WHAT YOU ARE ASKED TO DO: All lines from the one that contains "TEMPS DE FRONTERES" to the end of the data must be retyped exactly. Pictures are not retyped.

(Brief descriptive captions)
● ● ● ● ● ● ●

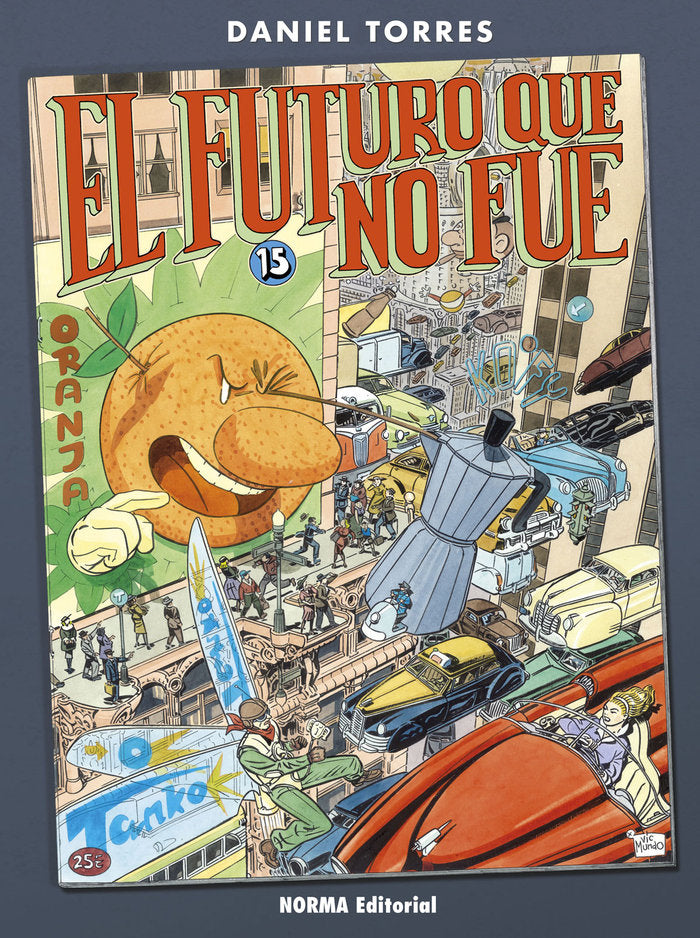 EL FUTURO QUE NO FUE, de DANIEL TORRES | portada del libro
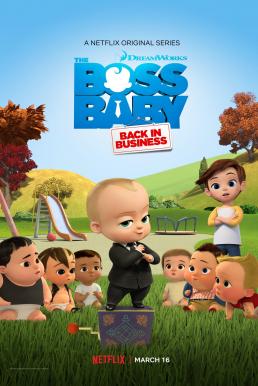 The Boss Baby Back in Business Season 3 เดอะ บอส เบบี้ นายใหญ่คืนวงการ ซีซั่น 3 ตอนที่ 1-11 พากย์ไทย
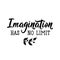 Imagination has no limit. Lettering. calligraphy vector illustration.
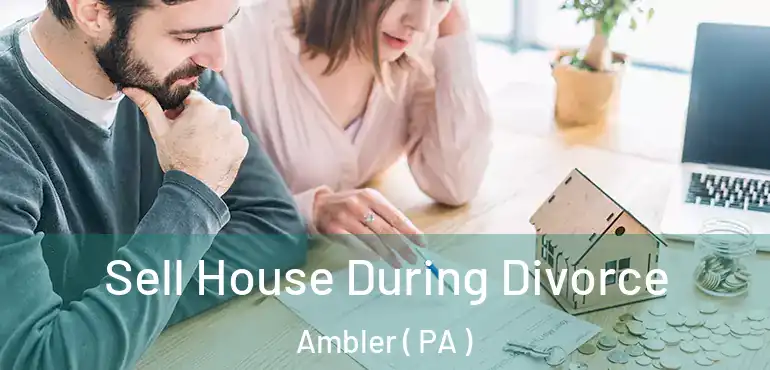  Sell House During Divorce Ambler ( PA )
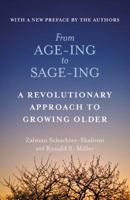 From Age-Ing to Sage-Ing: A Profound New Vision of Growing Older 0446671770 Book Cover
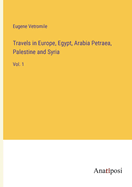 Travels in Europe, Egypt, Arabia Petraea, Palestine and Syria: Vol. 1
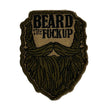 Beard the Fuck Up - 3" Laser Cut Patch in Coyote Brown
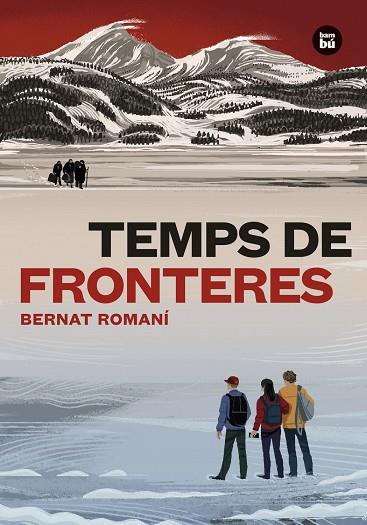 TEMPS DE FRONTERES | 9788483439760 | ROMANÍ CORNET, BERNAT | Cooperativa Cultural Rocaguinarda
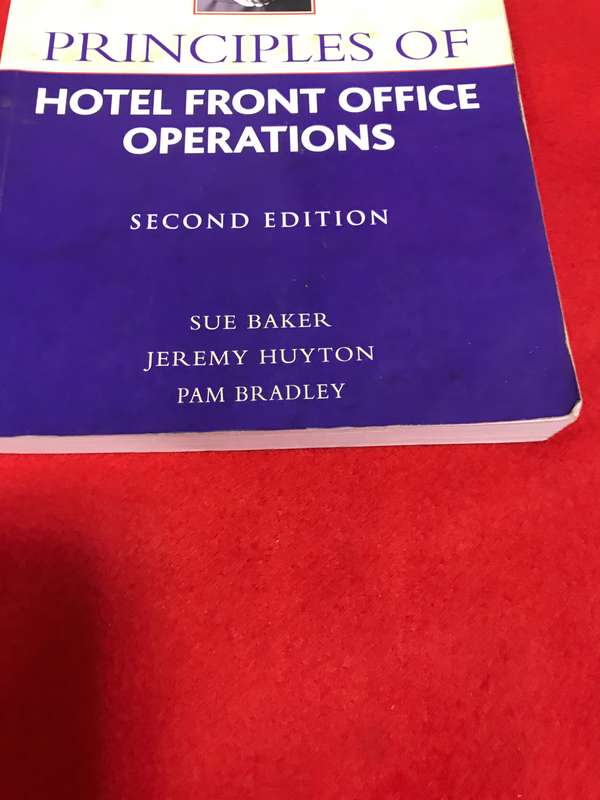 Principles of Hotel Front Office Operations 2nd edition by Jeremy Huyton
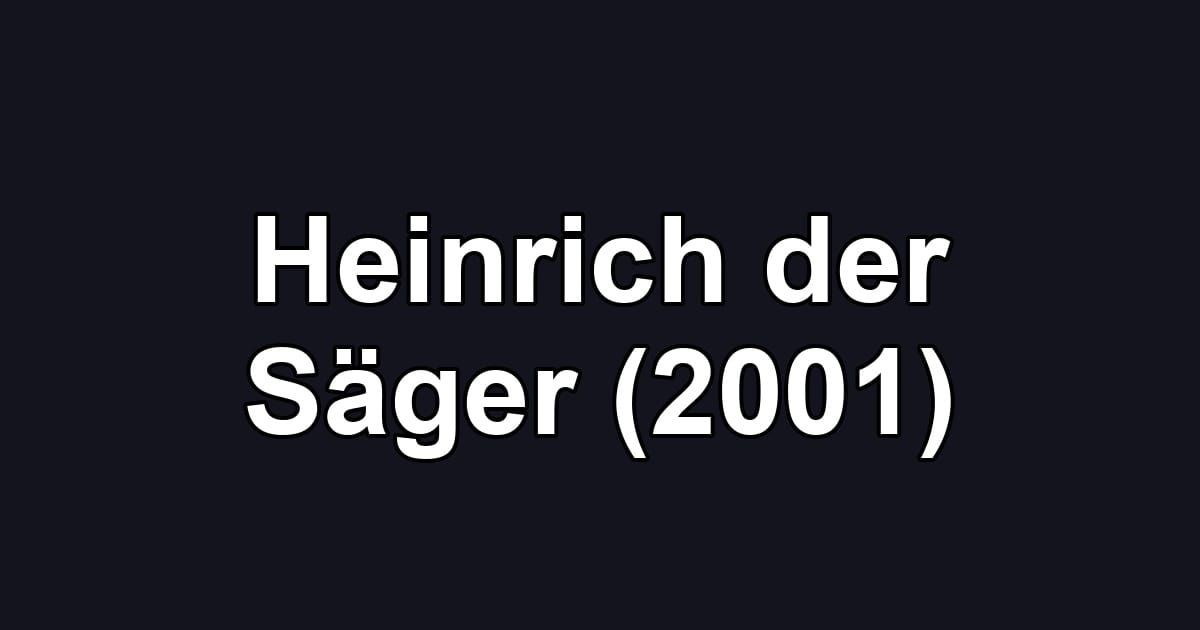 Heinrich der Säger (2001)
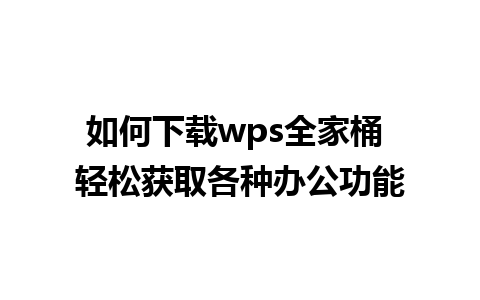 如何下载wps全家桶 轻松获取各种办公功能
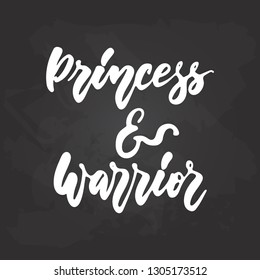 Princess and Warrior - hand drawn October Breast Cancer Awareness Month lettering phrase on black chalkboard background. Brush ink vector quote for banners, greeting card, poster design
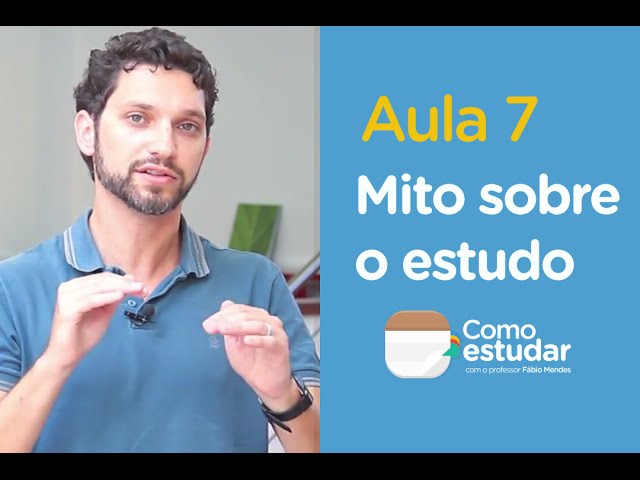 Como Estudar - Aula 07 - Mitos sobre o estudo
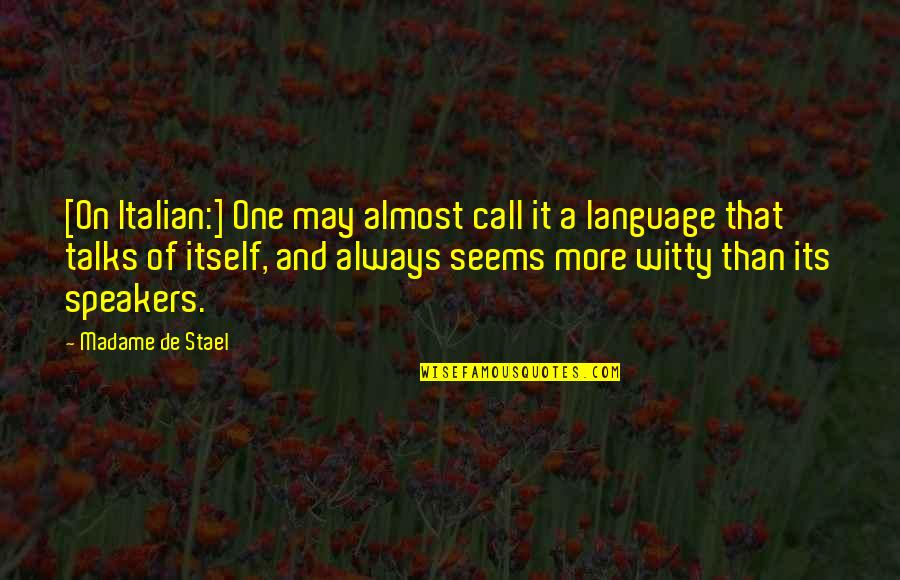 Katha Upanishads Quotes By Madame De Stael: [On Italian:] One may almost call it a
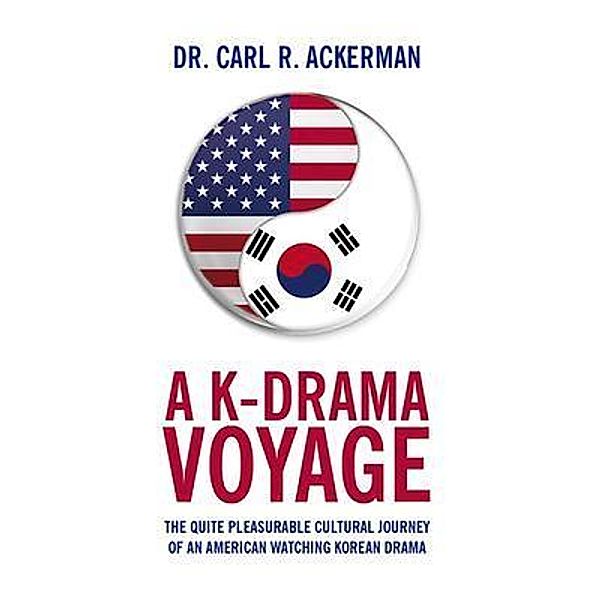A K-Drama Voyage, Carl R. Ackerman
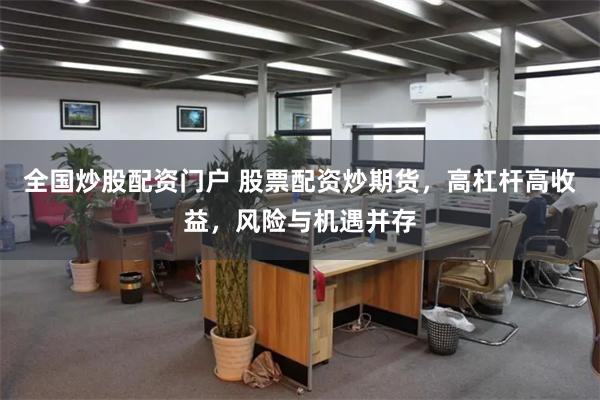 全国炒股配资门户 股票配资炒期货，高杠杆高收益，风险与机遇并存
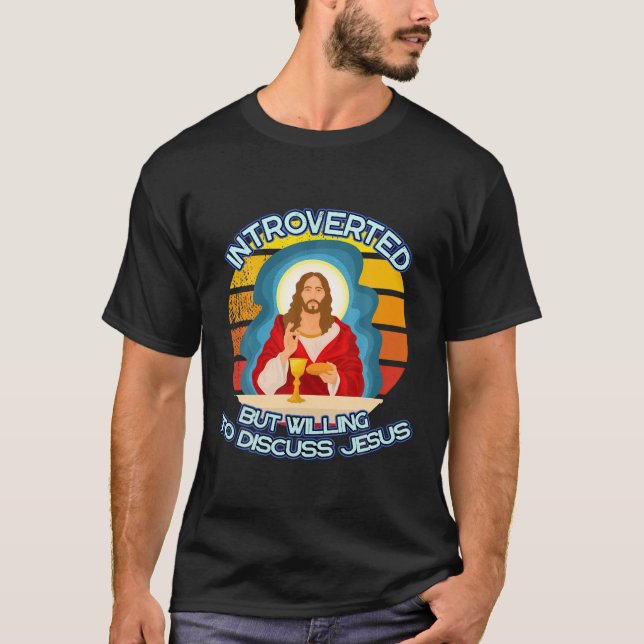 Vi var beredda att diskutera Jesus Christian T Shirt (Framsida)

● ● ● ● ● ● ●

SOLVED PROBLEM:
 TEMPS DE FRONTERES | 9788483439760 | ROMANÍ CORNET, BERNAT | Cooperativa Cultural Rocaguinarda
 Principles of Hotel Front Office Operations 2nd edition by Jeremy Huyton
 Heinrich der Säger (2001)
 如何下载wps全家桶 轻松获取各种办公功能
 Princess and Warrior - hand drawn October Breast Cancer Awareness Month lettering phrase on black chalkboard background. Brush ink vector quote for banners, greeting card, poster design
 Como Estudar - Aula 07 - Mitos sobre o estudo
 Katha Upanishads Quotes By Madame De Stael: [On Italian:] One may almost call it a
A K-Drama Voyage, Carl R. Ackerman
 全国炒股配资门户 股票配资炒期货，高杠杆高收益，风险与机遇并存
 Vi var beredda att diskutera Jesus Christian T Shirt (Framsida)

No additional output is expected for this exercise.